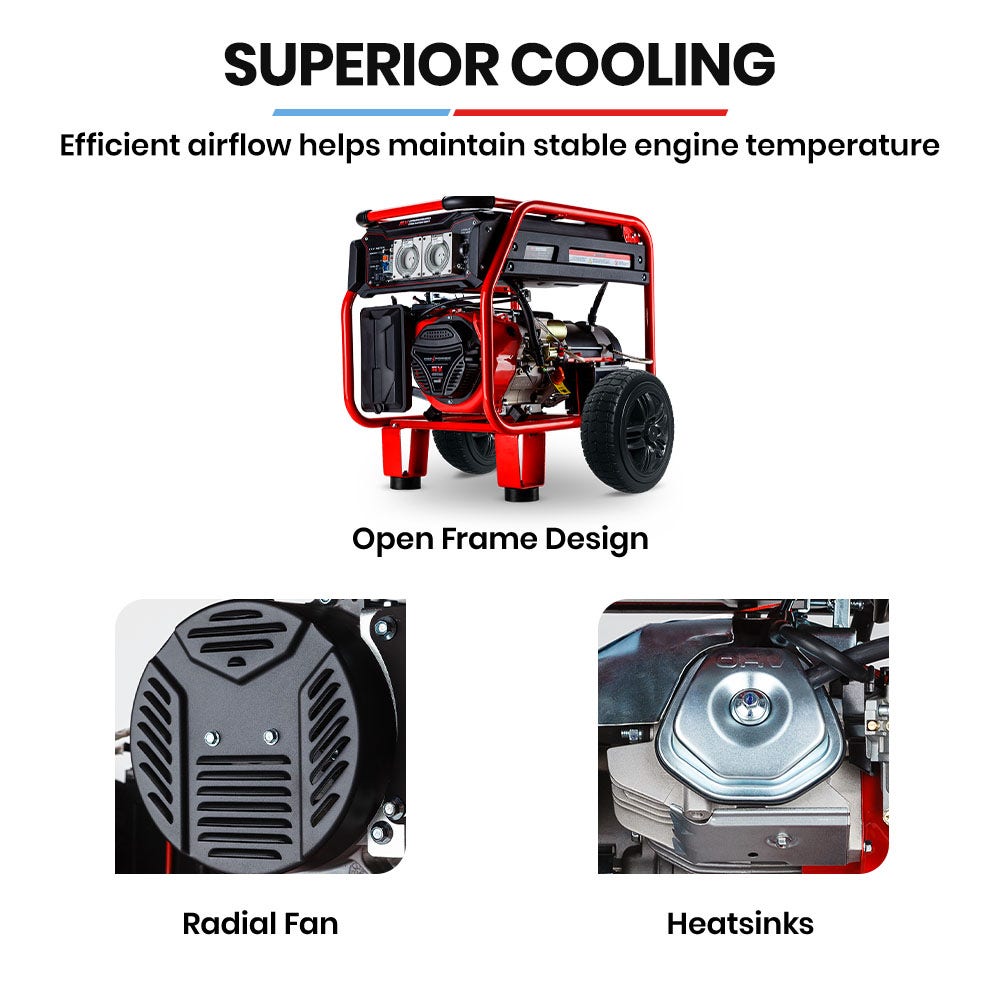 GENPOWER Portable Petrol Generator 8.4kW Max 6kW Rated Single Phase 18HP 420cc 4-Stroke Engine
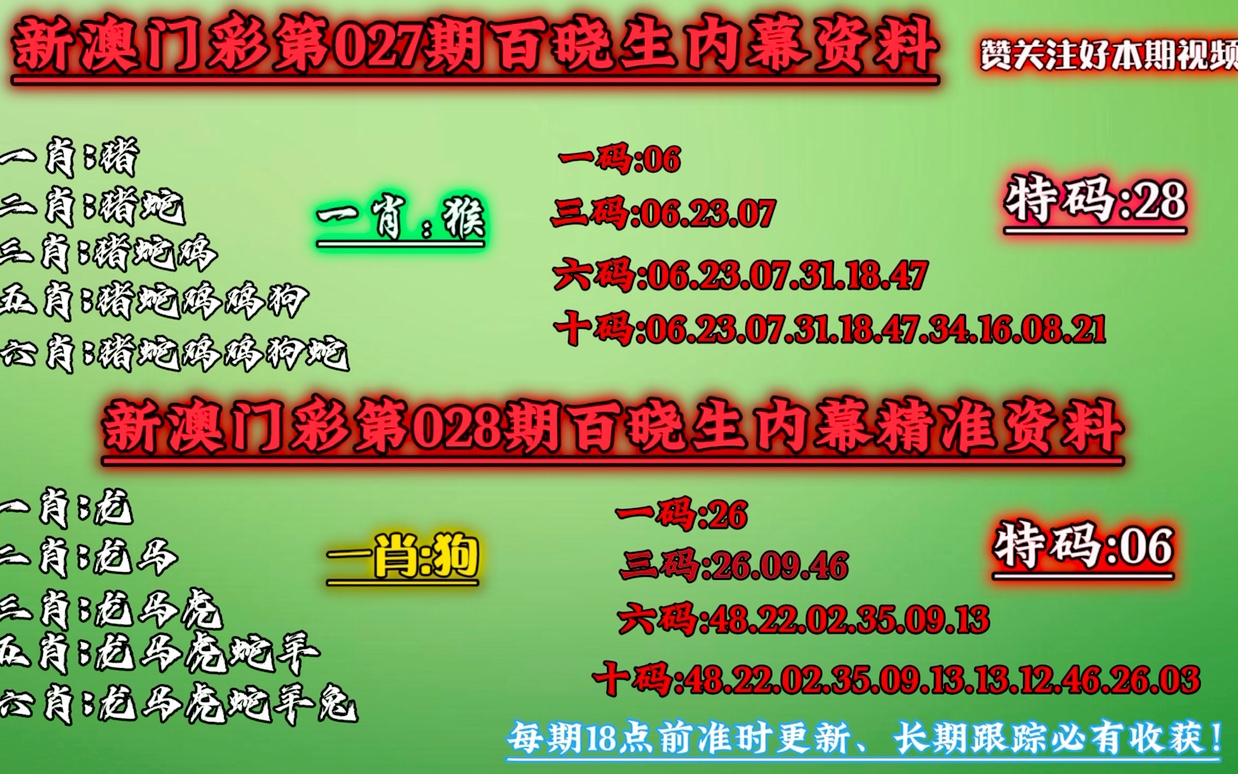澳门一肖一码100%精准一,全盘细明说明_PZY27.695薄荷版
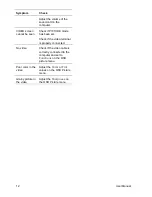 Предварительный просмотр 14 страницы Interlogix TVM-2700 User Manual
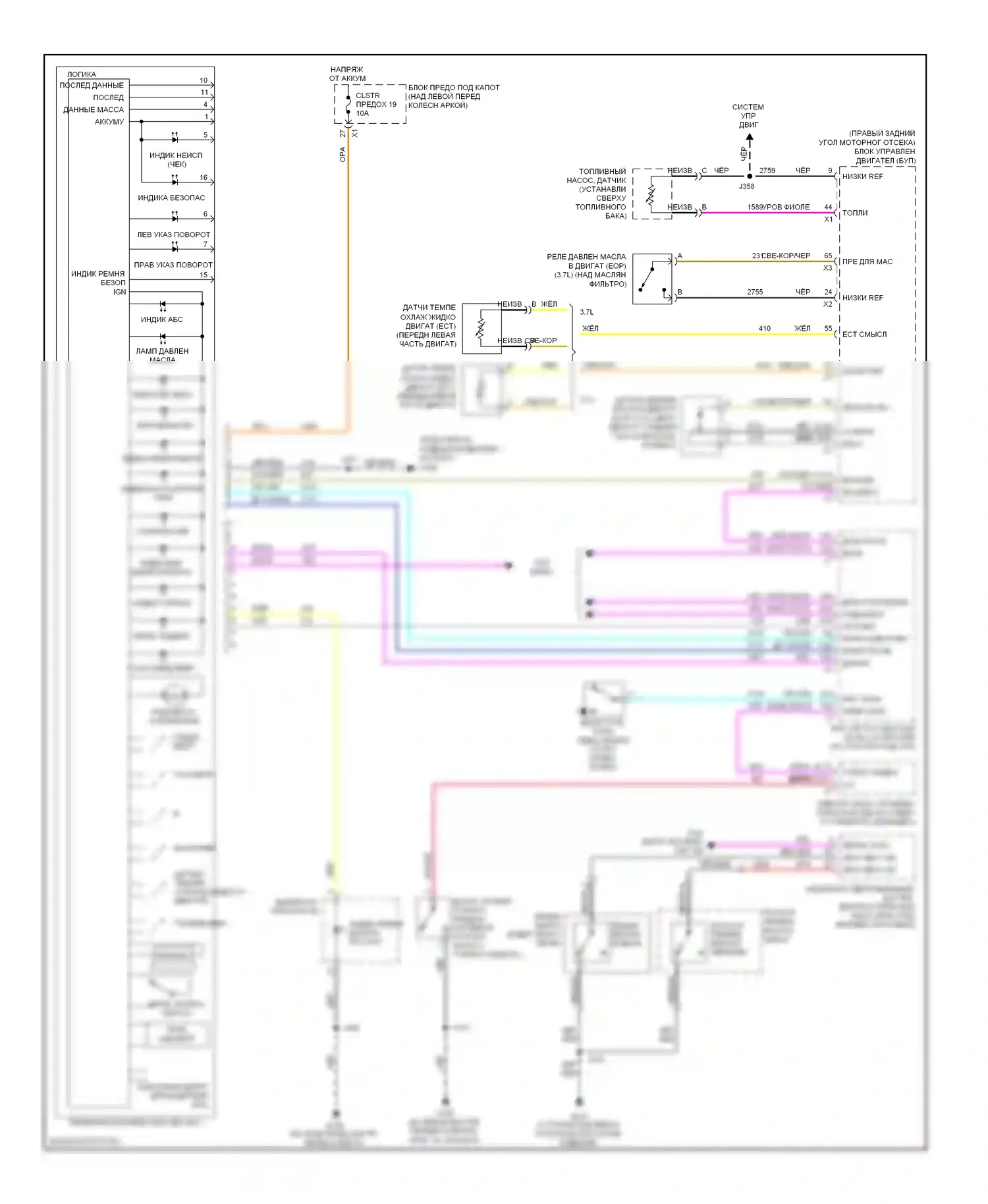 H3 Hummer I (2005-2010): Электросхема приборной панели 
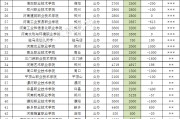 河南分?jǐn)?shù)較低的專科(錄取分?jǐn)?shù)線較低的?？圃盒?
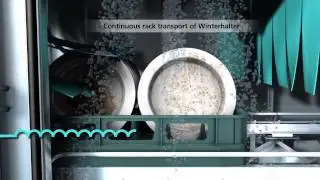 Winterhalter, Rack conveyor dishwasher - continuous rack transport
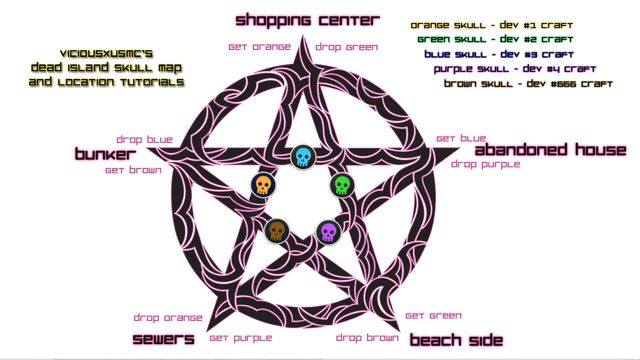 File:Dead-island-skull-guide.jpg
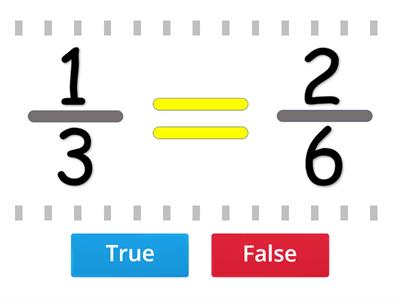 These fractions are equivalent - True or false?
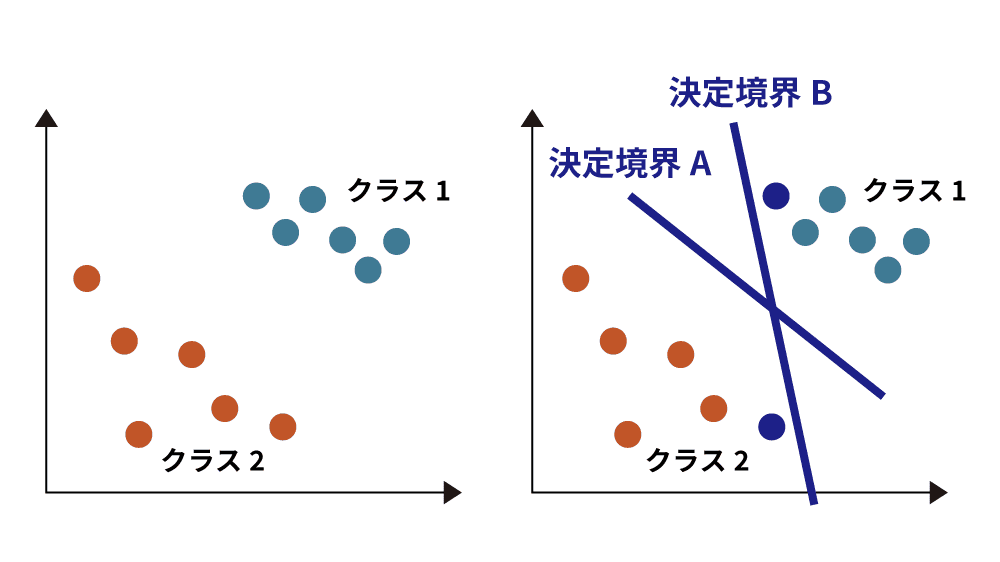 SVMの説明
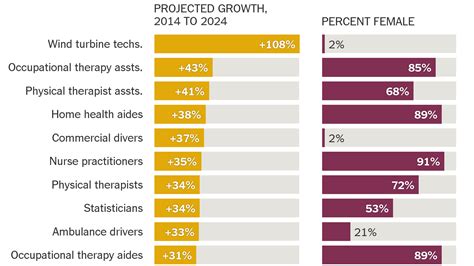 why men don t want the jobs done mostly by women the new york times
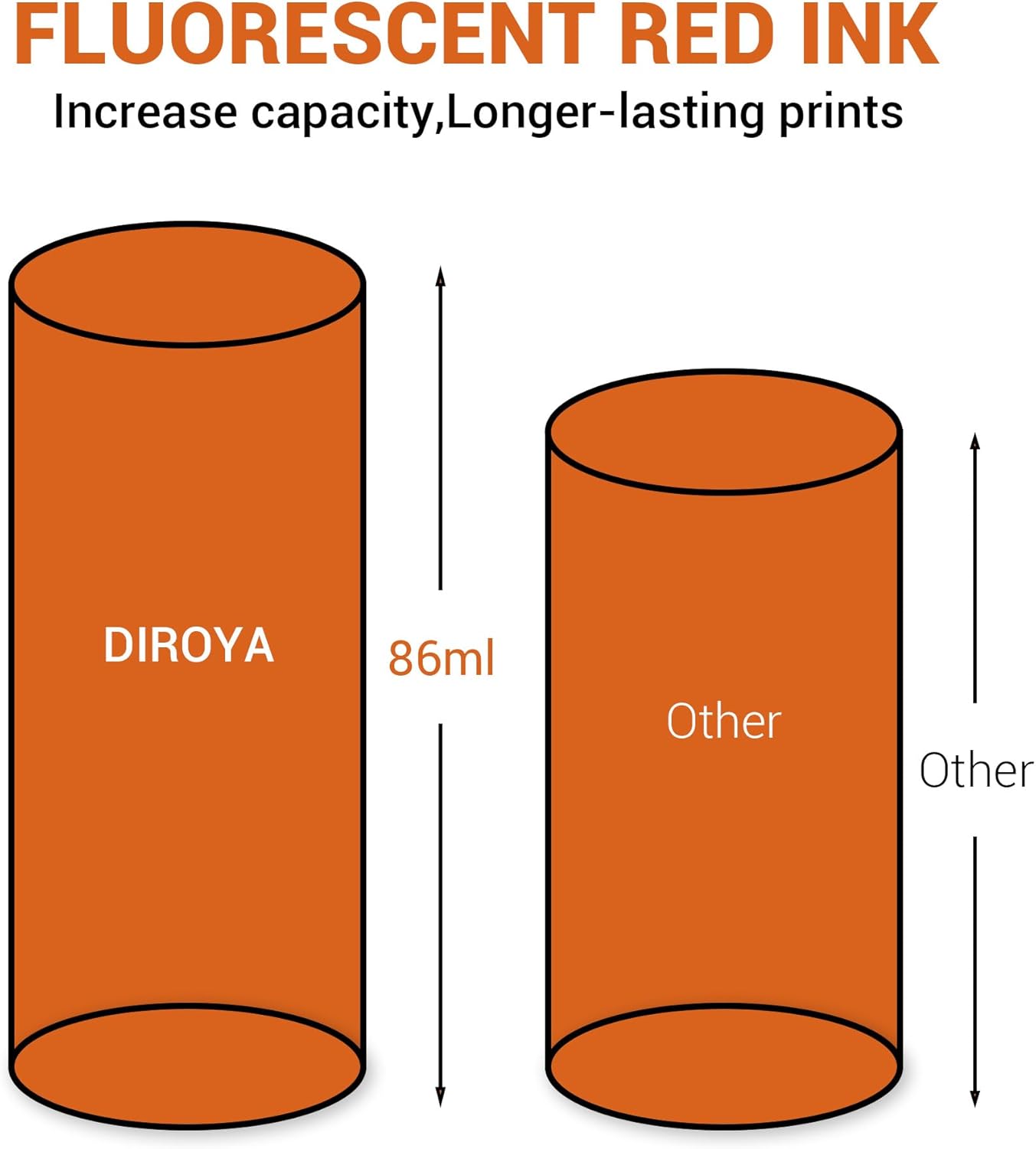 IXINK357 Ink Cartridge High Yield Replacement for Neopost Quadient Hasler IX-3, IX-5, IX-7, IX-7 Pro Series Franking Machine Fluorescent Red Postage Ink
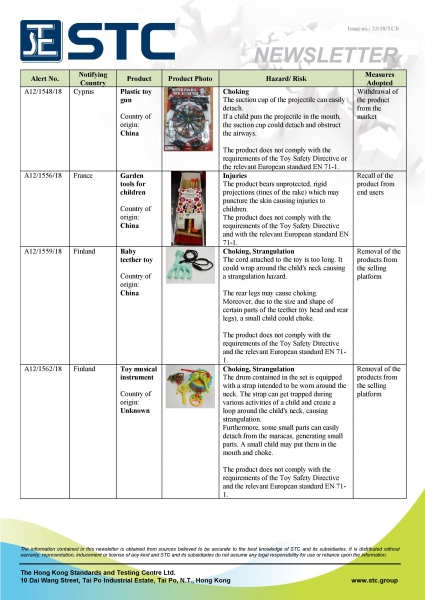 STC, Recall Summary – Toys in Europe and the US (Oct 2018),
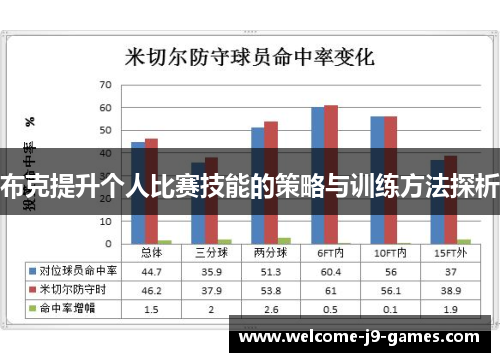 布克提升个人比赛技能的策略与训练方法探析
•••••
**WHAT IS EXPECTED:** Please retype the lines from the one containing "H3 Hummer I" through the last line of the records above, exactly as written, and leave out any pictures.

**ANSWER TO THE PROBLEM:**
 H3 Hummer I (2005-2010): Электросхема приборной панели 
 河南分?jǐn)?shù)較低的專科(錄取分?jǐn)?shù)線較低的?？圃盒?
 Winterhalter, Rack conveyor dishwasher - continuous rack transport
 File:Dead-island-skull-guide.jpg
 These fractions are equivalent - True or false?
 SVMの説明
 why men don t want the jobs done mostly by women the new york times
 IXINK357 Ink Cartridge High Yield Replacement for Neopost Quadient Hasler IX-3, IX-5, IX-7, IX-7 Pro Series Franking Machine Fluorescent Red Postage Ink
 STC, Recall Summary – Toys in Europe and the US (Oct 2018),
 布克提升个人比赛技能的策略与训练方法探析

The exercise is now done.